Antes de mais nada devo dizer que qualquer que seja o “parti pris” contra o poeta pelas suas tendências éticas, todos devem admirar nele o grande Artista. A moralidade ou imoralidade dos seus livros não conta nada para o juízo que se faça da sua Arte. Não é verdade que se trata dum Artista e dum grande Poeta como reconhece o sublime Espírito de Teixeira de Pascoaes nas admiráveis palavras que prefaciam o livro “Canções”? Pois isto basta. Quantas obras de Arte não se teriam de banir se nela sempre se exigisse a mais burguesa moralidade! Esta nada tem que ver com a arte, nem mesmo com a arte religiosa que pode ser bem livre. A moralidade burguesa é para os luteranos. E isto provarei eu nas minhas obras. Mesmo que se discorde dos assuntos escolhidos por António Botto, o que ninguém pode afirmar é que ele não seja o Artista e o Poeta que o quase divino Teixeira de Pascoaes é o primeiro a admirar. Ora é bem melhor atender-se à Arte de António Botto do que às suas imoralidades.
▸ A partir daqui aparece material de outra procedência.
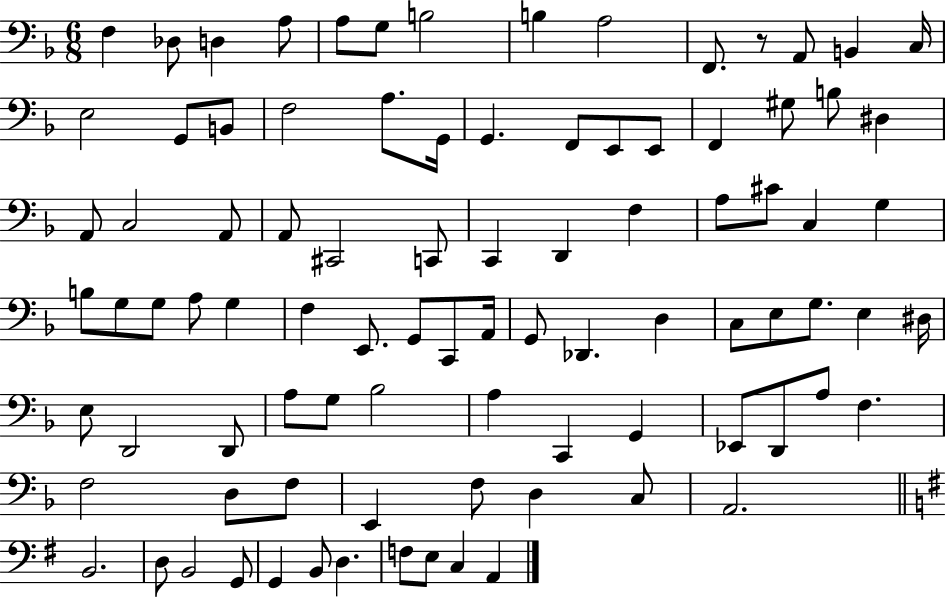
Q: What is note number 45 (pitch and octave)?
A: G3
Posto isto, vejamos em que consiste a Grande Reforma a que me referi no princípio deste artigo. Do Ritmo têm cuidado com o maior esmero todas as eras. E dizem que ninguém como os gregos o compreendeu. Ora há um fundo de verdade e um fundo de mentira nessa crença geral sobre o ritmo helénico. Este seria perfeitíssimo e complicadíssimo, se quiserem – o que não creio – mas apenas se exprimia como movimento rítmico exterior. Era do ritmo, considerado empiricamente, que se tratava, ainda que nesse plano empírico ele fosse perfeitíssimo. Uma comparação, bem menos material do que parece à primeira vista, tornará bem claro o meu pensamento.
Não são duma complicação extrema as manifestações de electricidade que nós aproveitamos? e não as dirigimos nós de todos os modos segundo a nossa vontade? Sem dúvida, mas também não há dúvida que estamos ainda muito longe de tomar posse da electricidade na sua natureza essencial. Talvez nisso os povos mais antigos da terra tivessem sido mais felizes do que nós. Hoje aproveitamos e dirigimos as manifestações da electricidade a nosso bel-prazer, mas sem sabermos o que é a electricidade, sem a possuirmos, sem possuirmos o seu significado íntimo, nada sabendo sobre a sua natureza própria. Somos senhores das suas manifestações exteriores mas não propriamente dela, por isso que não sabemos o que seja.